Modeling found curtailment during critical dry periods sends less than 10% of saved water to Foster Park, with lag times that can exceed a year. The Board approved the FY 2026/2027 budget and set the extraction-fee adoption item for its next regular meeting in June; the proposed rate is $168/AF based on 4,396 AF. Proposition 4 small-GSA grants of approximately $100K–$200K may become available to offset SGMA implementation costs.
Updated modeling shows most minimum-threshold exceedance events are smaller; staff will proceed with detailed analysis of Event 3 and combined Events 6–8. The five-year GSP periodic evaluation is underway; staff proposed deferring any GSP amendment until after a court physical solution. Ordinance No. 5 was adopted.
The Board approved a first reading of an ordinance that would reduce flowmeter accuracy testing frequency for smaller wells (5–10 year intervals vs. the prior 3–5 year schedule). Staff outlined a modeling plan to study how upstream pumping affects streamflow at Foster Park, with work likely extending into mid‑2026. Monitoring showed the basin did not fully recharge in spring 2025, with declining flows and at least one shallow well going dry.
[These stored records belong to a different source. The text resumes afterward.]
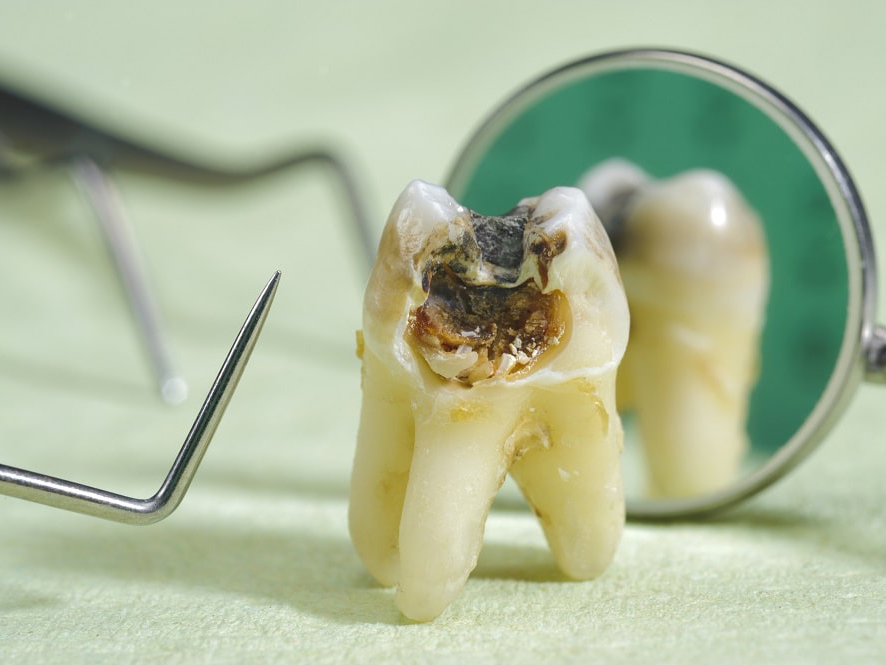 Đẩy lùi sâu răng hiệu quả nhờ biết cách chăm sóc răng miệng tại nhà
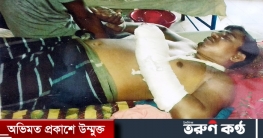 মধুখালীতে তুচ্ছ ঘটনায় পিটিয়ে হত্যা চেষ্টার অভিযোগ, থানায় মামলা মধুখালীতে তুচ্ছ ঘটনায় পিটিয়ে হত্যা চেষ্টার অভিযোগ, থানায় মামলা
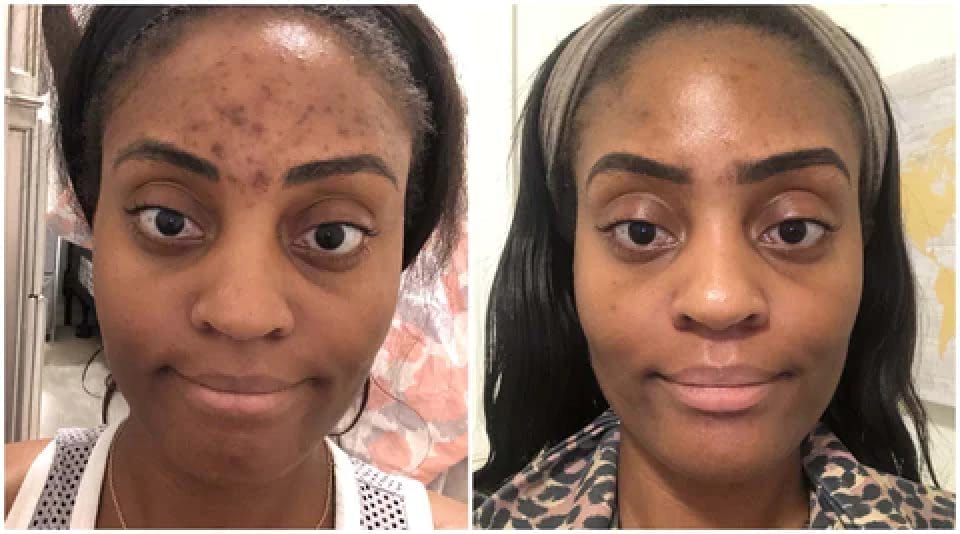 Two side-by-side photos show a woman before and after skincare treatment: left image with acne and blemishes, right image with clearer skin.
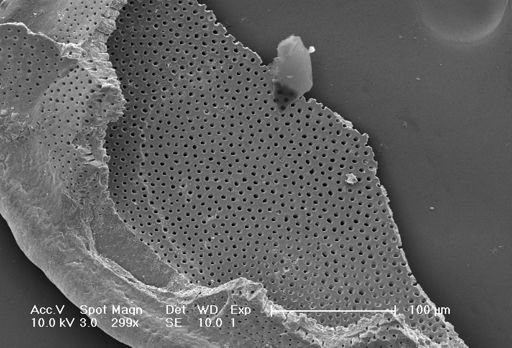 Globorotalia menardii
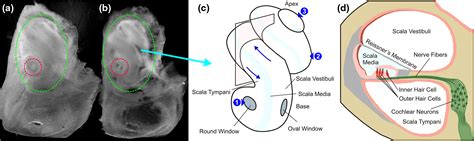 Two Photon Microscopy Of The Mouse Cochlea In Situ For Cellular Diagnosis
The board supported exempting small groundwater users (pumping 2-10 acre-feet annually) from costly five-year meter testing requirements, with a formal ordinance amendment to follow. Staff recommended pausing expensive modeling work on surface water depletion analysis to avoid duplicating efforts already underway in the adjudication process. Updated data shows groundwater extraction projections are 6% lower than originally estimated.